Par suite de son aversion pour le judaïsme, Spinoza émit avec conviction des assertions erronées sur cette religion. D’après lui, les livres saints auraient été altérés par de nombreuses fautes de copie, par des interpolations et des modifications, et n’émaneraient pas, en réalité, des auteurs auxquels ils sont attribués ; ils auraient été réunis et mis en ordre par Ezra, peut-être seulement après l’exil de Babylone. On ne possède plus l’œuvre originale de Moïse, le Décalogue lui-même n’existe plus dans sa forme primitive. Du reste, à en croire Spinoza, Moïse, les Prophètes et les autres personnages de la Bible eurent une conception absolument fausse de Dieu et de la nature, ils ne furent pas des philosophes et ne s’appliquèrent pas à se laisser guider exclusivement par les lumières de la raison. Au-dessus de tous les grands hommes de la Bible, il faut placer Jésus, qui posséda une raison lumineuse et instruisit, non pas une seule nation, mais l’humanité entière. Les apôtres aussi sont supérieurs, d’après lui, aux Prophètes, parce qu’ils s’efforcèrent de propager leur enseignement par des moyens naturels, par des raisonnements, et non pas seulement par des miracles. Pour que Spinoza ait ainsi déprécié la haute valeur morale du judaïsme et loué le christianisme au détriment de sa propre religion, il faut qu’il ait profondément ressenti les vexations des rabbins d’Amsterdam !

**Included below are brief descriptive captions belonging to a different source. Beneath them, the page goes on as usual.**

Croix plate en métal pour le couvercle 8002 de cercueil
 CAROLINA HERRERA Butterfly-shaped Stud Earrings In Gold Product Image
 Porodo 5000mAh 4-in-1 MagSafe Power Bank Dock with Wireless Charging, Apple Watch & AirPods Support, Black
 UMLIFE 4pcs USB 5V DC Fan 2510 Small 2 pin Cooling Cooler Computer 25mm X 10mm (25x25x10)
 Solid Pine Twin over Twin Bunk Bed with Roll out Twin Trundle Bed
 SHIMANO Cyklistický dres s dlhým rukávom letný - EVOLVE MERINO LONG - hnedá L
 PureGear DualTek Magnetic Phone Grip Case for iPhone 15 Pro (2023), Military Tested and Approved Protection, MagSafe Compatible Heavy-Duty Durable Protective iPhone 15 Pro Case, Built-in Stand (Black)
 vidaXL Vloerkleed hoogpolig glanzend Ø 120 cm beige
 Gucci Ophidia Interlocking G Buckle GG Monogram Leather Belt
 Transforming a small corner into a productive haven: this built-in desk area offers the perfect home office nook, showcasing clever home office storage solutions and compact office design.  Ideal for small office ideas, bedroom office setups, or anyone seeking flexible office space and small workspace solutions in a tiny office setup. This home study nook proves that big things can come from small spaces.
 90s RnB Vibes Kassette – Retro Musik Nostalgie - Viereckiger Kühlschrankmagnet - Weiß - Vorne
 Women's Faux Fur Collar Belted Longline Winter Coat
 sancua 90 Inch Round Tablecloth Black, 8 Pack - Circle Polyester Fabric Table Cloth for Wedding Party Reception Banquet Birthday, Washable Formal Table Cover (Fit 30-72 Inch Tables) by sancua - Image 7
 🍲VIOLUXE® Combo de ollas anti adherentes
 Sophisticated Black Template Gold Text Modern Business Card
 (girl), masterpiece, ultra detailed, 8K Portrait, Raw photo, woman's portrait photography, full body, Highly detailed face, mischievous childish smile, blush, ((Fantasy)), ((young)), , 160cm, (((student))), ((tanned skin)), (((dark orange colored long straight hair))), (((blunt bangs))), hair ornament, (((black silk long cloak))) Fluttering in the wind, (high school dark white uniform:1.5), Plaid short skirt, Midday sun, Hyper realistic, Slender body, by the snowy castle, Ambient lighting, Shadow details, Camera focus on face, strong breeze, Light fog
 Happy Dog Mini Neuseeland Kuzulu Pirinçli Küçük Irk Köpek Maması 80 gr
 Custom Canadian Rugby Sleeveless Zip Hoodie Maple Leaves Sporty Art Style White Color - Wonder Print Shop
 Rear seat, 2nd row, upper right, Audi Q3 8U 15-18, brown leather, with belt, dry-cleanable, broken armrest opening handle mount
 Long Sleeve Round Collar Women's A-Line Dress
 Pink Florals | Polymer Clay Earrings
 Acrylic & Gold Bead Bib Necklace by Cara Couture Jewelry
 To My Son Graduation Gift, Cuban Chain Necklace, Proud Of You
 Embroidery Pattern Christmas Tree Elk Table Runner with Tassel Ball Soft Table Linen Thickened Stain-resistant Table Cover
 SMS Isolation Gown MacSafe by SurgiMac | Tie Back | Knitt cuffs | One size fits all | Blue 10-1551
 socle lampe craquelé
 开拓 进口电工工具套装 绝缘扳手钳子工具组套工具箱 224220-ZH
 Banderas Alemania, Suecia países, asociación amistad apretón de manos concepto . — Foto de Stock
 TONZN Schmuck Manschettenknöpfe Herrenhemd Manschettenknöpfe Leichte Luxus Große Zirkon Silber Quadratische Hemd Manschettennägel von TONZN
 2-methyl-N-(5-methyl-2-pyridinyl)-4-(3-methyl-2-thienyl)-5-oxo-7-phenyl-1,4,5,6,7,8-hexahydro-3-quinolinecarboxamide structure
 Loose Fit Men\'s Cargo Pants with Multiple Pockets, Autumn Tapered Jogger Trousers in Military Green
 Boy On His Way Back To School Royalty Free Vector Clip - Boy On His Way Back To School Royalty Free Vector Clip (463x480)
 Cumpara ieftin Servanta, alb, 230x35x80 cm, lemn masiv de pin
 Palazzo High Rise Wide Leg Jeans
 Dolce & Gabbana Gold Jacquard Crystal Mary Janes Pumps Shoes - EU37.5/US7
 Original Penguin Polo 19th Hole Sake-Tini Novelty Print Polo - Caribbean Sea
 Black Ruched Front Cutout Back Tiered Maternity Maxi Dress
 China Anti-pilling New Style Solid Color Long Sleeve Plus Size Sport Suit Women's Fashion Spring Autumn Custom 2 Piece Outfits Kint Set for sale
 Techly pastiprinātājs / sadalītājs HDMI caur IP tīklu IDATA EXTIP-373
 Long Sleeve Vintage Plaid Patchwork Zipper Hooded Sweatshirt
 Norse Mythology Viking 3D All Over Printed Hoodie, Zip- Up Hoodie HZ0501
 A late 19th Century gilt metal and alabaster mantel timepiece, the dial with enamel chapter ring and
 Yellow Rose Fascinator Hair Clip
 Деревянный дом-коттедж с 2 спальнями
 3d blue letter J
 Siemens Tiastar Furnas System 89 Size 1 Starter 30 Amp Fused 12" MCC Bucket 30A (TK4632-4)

Spinoza aurait pu devenir un adversaire très dangereux pour le judaïsme. D’abord, grâce à sa remarquable vigueur d’argumentation, il fournit aux ennemis de cette religion les moyens de la combattre par le raisonnement. Ensuite, il reconnut à l’État et aux autorités le droit d’interdire la pratique du judaïsme et d’imposer une autre religion aux Juifs. Il justifiait, en quelque sorte, Ies persécutions de l’Inquisition contre les Marranes, puisque, selon lui, tout citoyen doit accepter la religion de son pays et qu’il est absurde de professer le judaïsme. Heureusement, Spinoza aimait trop la tranquillité pour chercher à faire école. L’idéal de l’existence, pour lui, était de vivre dans le calme et la paix.